今、私はネット上でも物理世界でも「私」という一人称を使っている。
これは、公の場であるという自覚を持つためにそうしている。Twitterの小規模かFFの無い鍵垢くらいしか、ネット上に公私の私に当たる場所はないだろう。そこを履き違えると痛い目に遭う。
それはさておき。昔はネット上では俺を使っていた。十年弱、そうしてきた。使い続けた理由は、親しみやすさ、それから言いたいこととの食い合わせである。それと、せめてネット上では女と思われたくなかったからでもある。辞めた理由は、やはり言いたいこととの食い合わせであった。

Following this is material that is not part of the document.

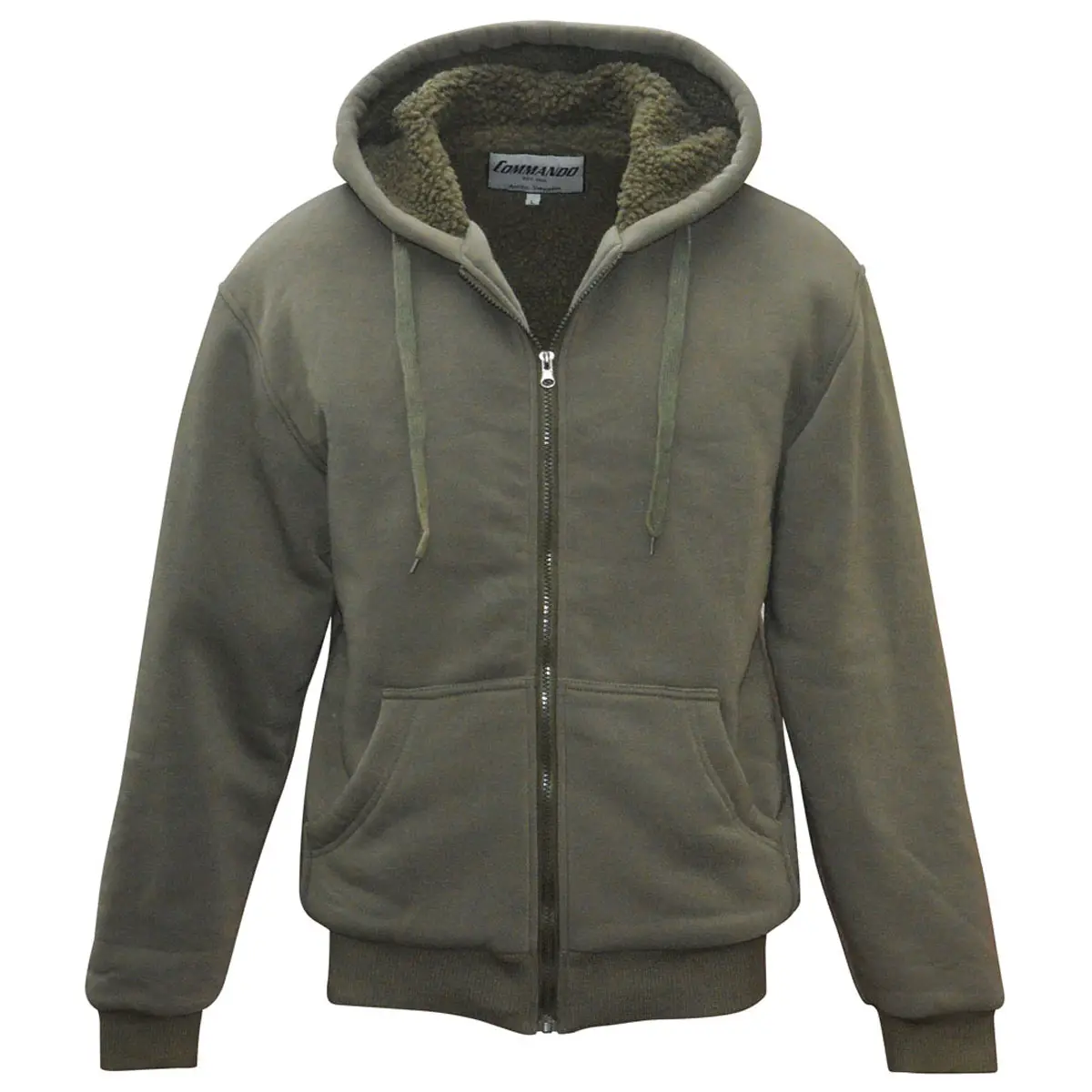 Sherpa Jacke ARCTIC oliv/oliv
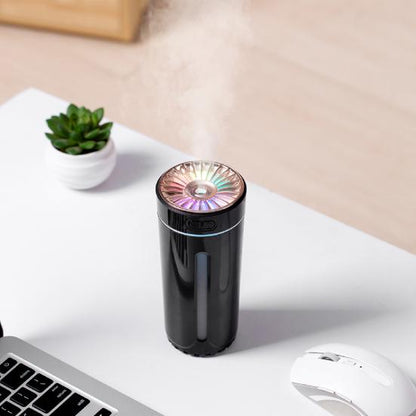 HUMIDIFICADOR ATRAX®  Elimina olores y refresca el aire mientras conduces.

一人称には、力がある。イメージを伴う。「私」ならば少し硬い印象に、「僕」ならば「私」よりは柔らかく「俺」よりはやや幼く、「俺」ならば少し粗野な感じがする。そしてなにより、「私」ならば女で、「俺」ならば男だろう、身体の性別によって一人称が決まるだろうという偏見を伴う。その偏見は、時に、いや、常に誰かをinvalid(無効)している。そして、昔の私もそうだった。
「女の子なんだから、そんな言葉遣いしないの」
今でも一言一句違えず思い出せる。昨日のことのように。なぜ私が「俺」を使ってはならないのか。なぜ私は「女の子」なのだろうか。ずっとずっと、心のどこかで悩んでいた。そして、それは〝恥〟の感情と共に、記憶の箱に仕舞われていた。

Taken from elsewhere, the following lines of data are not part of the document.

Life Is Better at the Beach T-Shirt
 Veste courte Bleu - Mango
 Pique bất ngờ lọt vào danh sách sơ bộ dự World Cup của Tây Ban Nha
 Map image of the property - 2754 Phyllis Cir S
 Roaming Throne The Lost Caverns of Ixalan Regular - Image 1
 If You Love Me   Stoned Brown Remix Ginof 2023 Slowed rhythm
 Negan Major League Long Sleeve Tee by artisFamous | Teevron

今、再びそれが開く。ああ、あのとき私は怒ってよかったんだ。恥ずかしがることなんてなかったんだ、と。何年も経ってから、そう知ることができた。そのときの私は殺されてしまったけれど、少しだけ救われた気がした。
なぜ女と見做される者だけが「私」という一人称を強制されているのだろう。これは、自己表現を著しく狭めている。「僕」や「俺」の持つイメージを使いたくとも、女だけが使えない。そんなのまるっきり差別ではないか!
これから一人称を変える、女と見做されている全てのひとが、「俺」も「僕」も「あたし」も、その他全ての一人称を使っても誰も何も言わないでほしい。受け入れてほしい。その一人称はvalid (有効)だ。